Image-text web data:
--- START ---

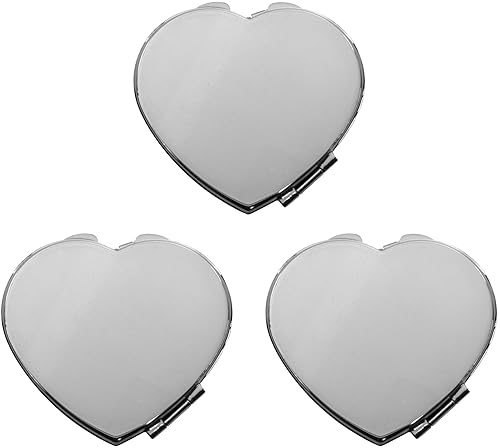 Stephanie Imports Set of 3 Slim Heart-Shaped Double Sided Magnifying Compact Mirrors (Large, Silver) Beauty & Personal Care Stephanie Imports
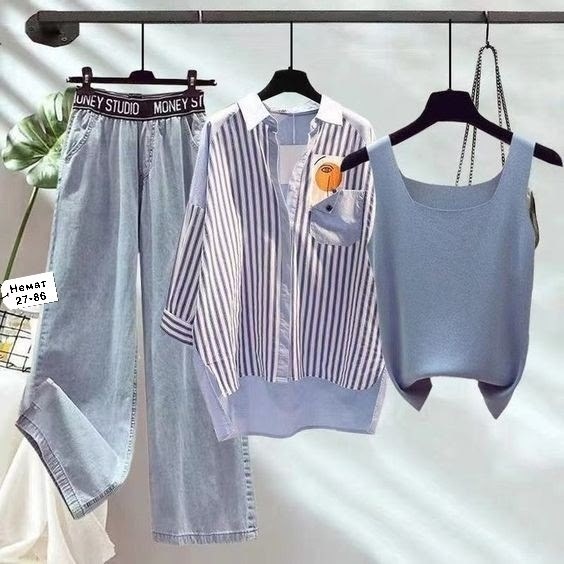 комплекты одежды,рубашка женская в полоску,женский комплект из трех предметов,джинсы в корейском стиле,женские летние комплекты
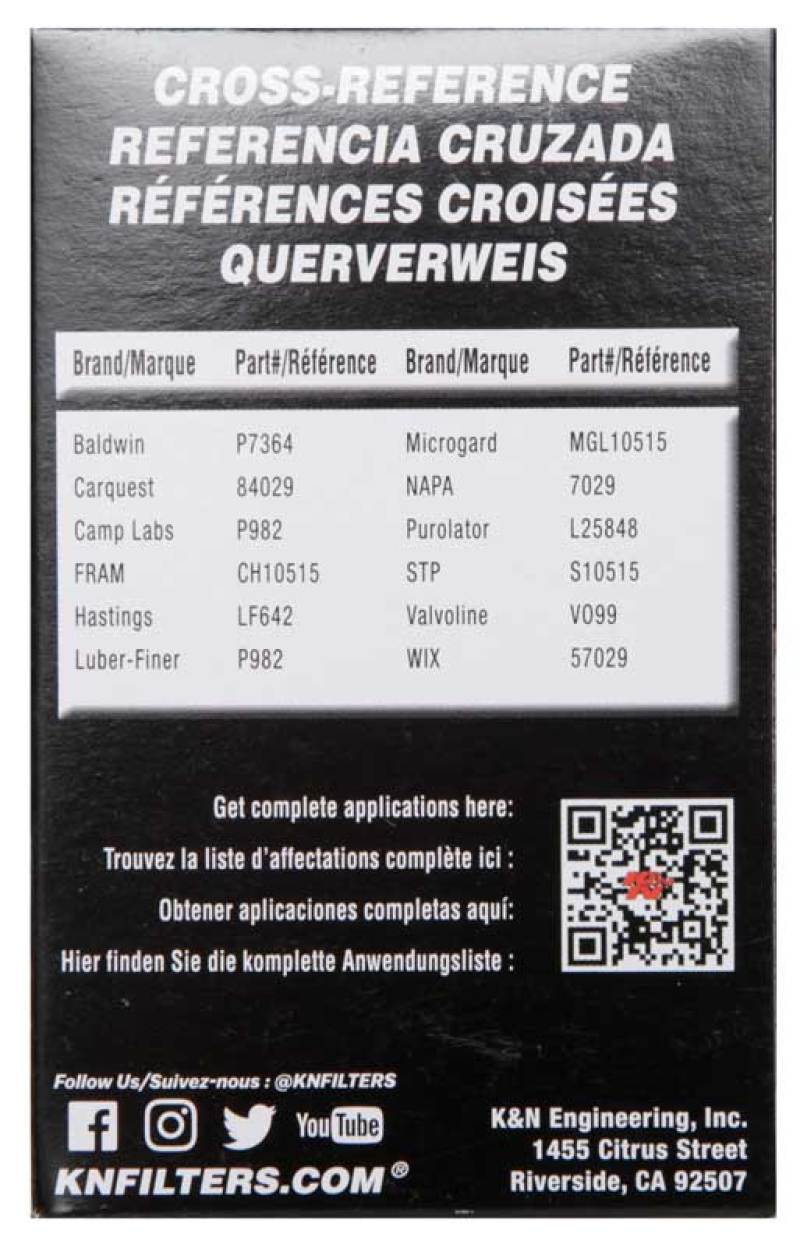K&N Performance Oil Filter for Hyundai/Kia 3.8L V6, 4.6L/5.0L V8 - Graveyard Performance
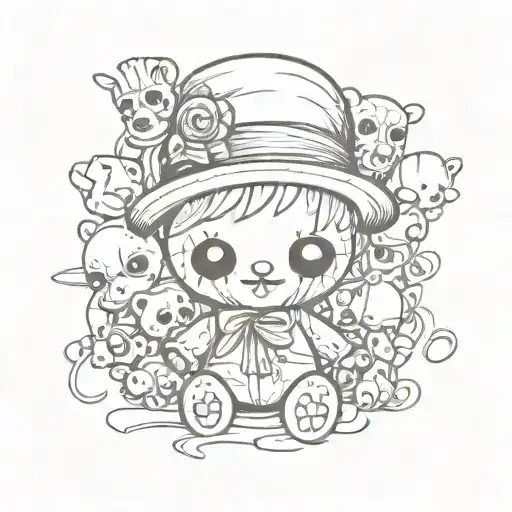 Voodoo Doll With Teddy Bear With Trickster Hat Appearance In Line Art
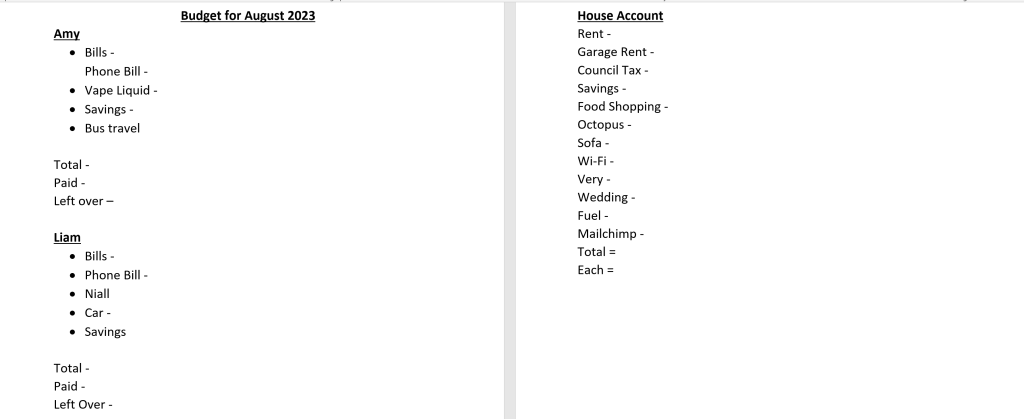 budget plan for you to keep track of your money.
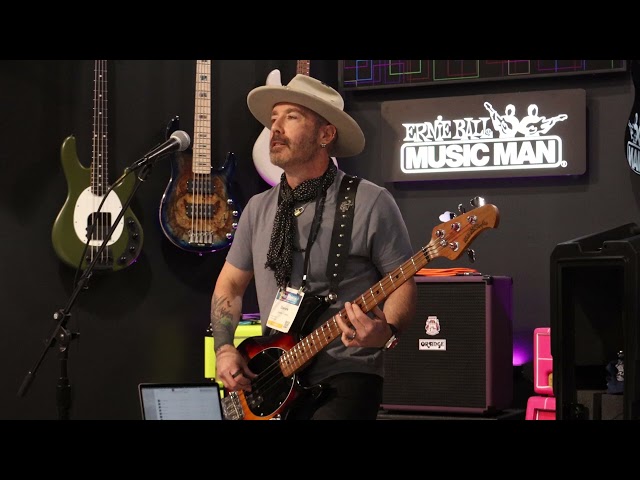 Ernie Ball short scale Stingray demo with Derek Frank - The Trooper cover of Iron Maiden at NAMM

--- END ---

● **YOUR OBJECTIVE**
Give the records above again verbatim, pictures omitted.

● **OUTPUT OF THE TASK**
 Stephanie Imports Set of 3 Slim Heart-Shaped Double Sided Magnifying Compact Mirrors (Large, Silver) Beauty & Personal Care Stephanie Imports
 комплекты одежды,рубашка женская в полоску,женский комплект из трех предметов,джинсы в корейском стиле,женские летние комплекты
K&N Performance Oil Filter for Hyundai/Kia 3.8L V6, 4.6L/5.0L V8 - Graveyard Performance
 Voodoo Doll With Teddy Bear With Trickster Hat Appearance In Line Art
 budget plan for you to keep track of your money.
 Ernie Ball short scale Stingray demo with Derek Frank - The Trooper cover of Iron Maiden at NAMM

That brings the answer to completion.